Das Boot: The Director’s Cut

Anyone who thinks spending three-and-a-half hours trapped in a darkened room might be a tough call should be made to watch Das Boot - and count themselves lucky. Lucky on two counts as it happens: first, that they never had to set to sea in a submarine in war time; and second, that they've just seen the most awesome war movie ever made.

And yet Das Boot also carries a poignant anti-war message as you live and breathe with the crew of U-96 on one incredible voyage in 1941. When released in 1982, it became the most successful foreign movie ever in the US and was nominated for six Oscars. This colour-rich reprinted version, complete with restored footage and re-designed digital sound is, simply, even better.

It is impossible to watch without empathising with the men on board, learning which of them sleeps or works behind each bulkhead. Most of them long for the taste of sea air and spray only the privileged few (of officers and audience) get after climbing the conning tower to scan the horizon. Such is the sense of documentary realism that it becomes almost impossible to believe any of the cast ever left the set.
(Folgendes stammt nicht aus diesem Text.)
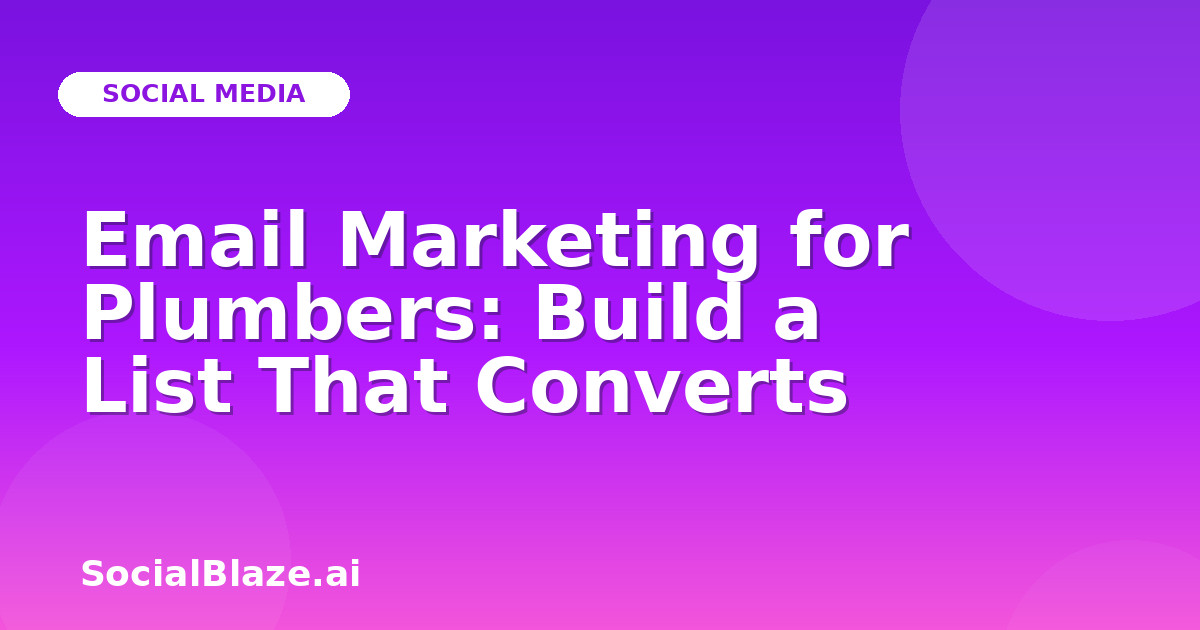 Email Marketing for Plumbers: Build a List That Converts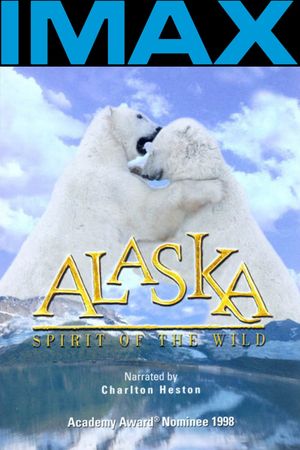 Alaska: Spirit of the Wild's poster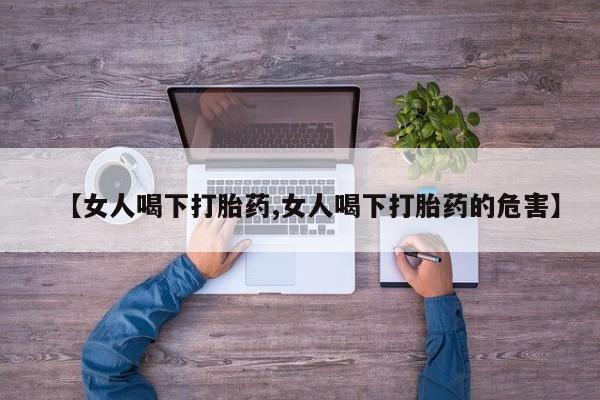 米非米索购买联系方式【女人喝下打胎药,女人喝下打胎药的危害】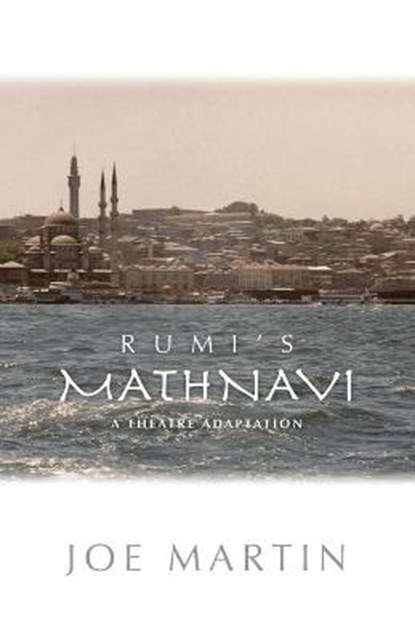 Rumi's Mathnavi, MARTIN,  Joe - Paperback - 9781587750335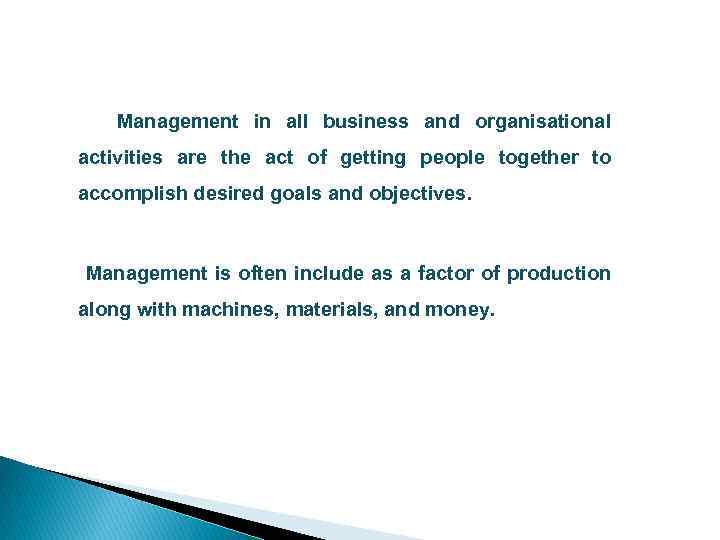 Management in all business and organisational activities are the act of getting people together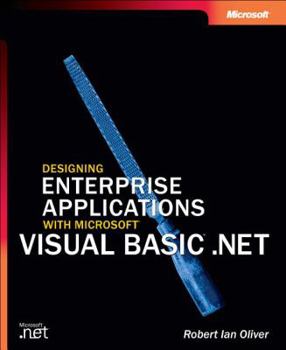 Paperback Designing Enterprise Applications with Microsofta Visual Basica .Net Book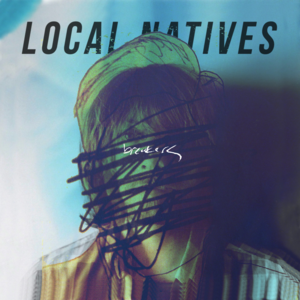 Breakers - Local Natives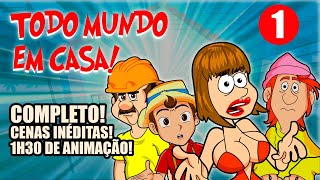 TODO MUNDO EM CASA - TEMPORADA 1 - COMPLETO!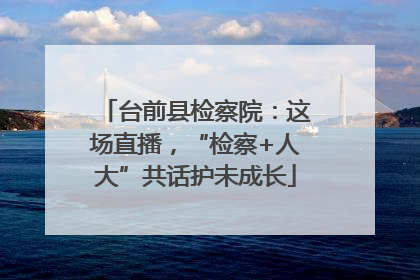 台前县检察院：这场直播，“检察+人大”共话护未成长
Petersen (who went on to direct In The Line Of Fire and Air Force One) has overseen this restoration and as stunning as the visuals are, most critical in this is the sound. Listen (because your life depends on it) for overhead enemies dropping depth charges, hold your breath (because it may be your last) as each silent running takes you to excruciating depths. And for God's sake, duck when the pressure of a metre too far causes the already straining hull to give up its rivets in nerve-shredding explosions of surround sound. We've all seen war and submarine films before but we've never seen anything like Das Boot.

Shot with absorbing veracity, the film alternates mundane claustrophobia - rarely has boredom been portrayed so rivetingly - with sequences of nerve-shredding tension. While it is oft said that the director's masterstroke was to portray the humanity behind the German war effort, Das Boot displays pure filmmaking know-how. Masterful.